2020年7月31日をもって約11ヶ月のニューヨーク留学を終え、帰国の途についた。

帰国のタイミングが今なのはコロナとはまったく関係なく、留学開始時点から決めていた。だから帰りの航空券も1年前から予約済みだったけど、それが予定どおりに飛んだのは驚いた。航空会社はアメリカン航空。

一連の流れはこんな感じだった。

1.NYからの出発
2.ニューアーク→ダラス→成田
3.帰国・検査
4.自己隔離

1.NYからの出発

ニューヨークでは改善しているとはいえ合衆国全体で見れば感染者数は増加の一途をたどっており、日系の航空会社も日本行きの便数をかなり制限している。

ただその中で、どうもアメリカン航空はそれほどキャンセルを乱発しているようには見えなかった。公式サイトを見ると、けっこうな頻度で日本行きの便が飛んでいる。
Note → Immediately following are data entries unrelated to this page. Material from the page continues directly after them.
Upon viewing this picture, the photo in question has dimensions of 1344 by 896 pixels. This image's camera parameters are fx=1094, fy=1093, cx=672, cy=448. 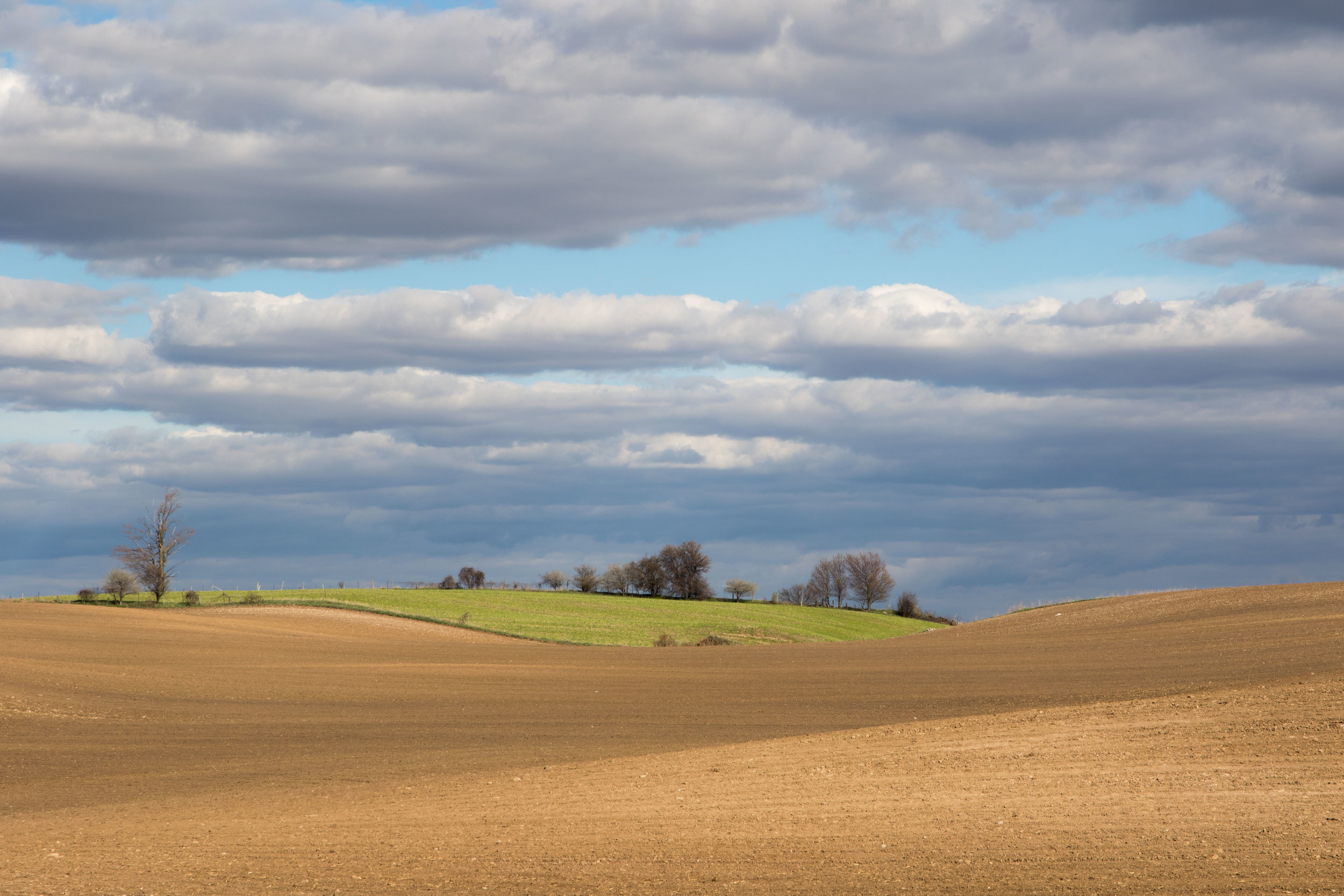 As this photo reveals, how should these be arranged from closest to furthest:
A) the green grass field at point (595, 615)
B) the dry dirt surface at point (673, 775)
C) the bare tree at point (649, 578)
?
the dry dirt surface at point (673, 775) → the green grass field at point (595, 615) → the bare tree at point (649, 578)

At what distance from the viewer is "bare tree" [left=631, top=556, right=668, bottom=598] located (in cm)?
10838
飛行機の出発時刻は7月31日朝7時。となると5時には空港に着いておきたい。

予約した当時、ニューヨークの地下鉄は24時間運行していた。早朝便でもぜんぜんオッケーとか思ってたのが懐かしい。しかしいま、地下鉄は深夜1〜5時まで運休している。仕方なく前日の夜に出ることにした。

大家さんからデポジット(敷金みたいなもん)を返してもらおうとすると「ごめん! 家賃の計算がこうこうこうなってるから、デポジットのほかに400ドル返さなきゃだよね」と言われた。しかしそれは大家さんの勘違いだったので「いやいや、家賃の精算はもう済んでるから400ドルはいらないですよ」と伝えたら、正直に言ったのをやたら感激されて餞別に100ドルもらった。

「ほんとは大麻でもあげたら喜ぶかな? と思ったんだけど、現金がいいよね!」

と言われた。餞別で大麻なんかもらって帰国したら即アウトである。

30日22時、アパートを出た。向かうのはニューアーク空港。ウーバーなら100ドルほどだが、電車で頑張れば18ドルくらいで行けるので暇だし後者を選んだ。

最寄り駅→地下鉄Q番線に乗車→マンハッタンのペンシルベニア駅→ニュージャージー・トランジットという空港行きの鉄道に乗り換え→到着

駅構内を歩いていると、突っ立ってるオバちゃんにいきなり「明日は金曜日!?」と質問されて動揺した。こんなのももう最後だよなと思うと少し寂しくなった。

23時30分、空港に到着した。心配していた暑さは冷房が適度に効いていて問題なし、トイレもあるしベンチもあるし完璧だった。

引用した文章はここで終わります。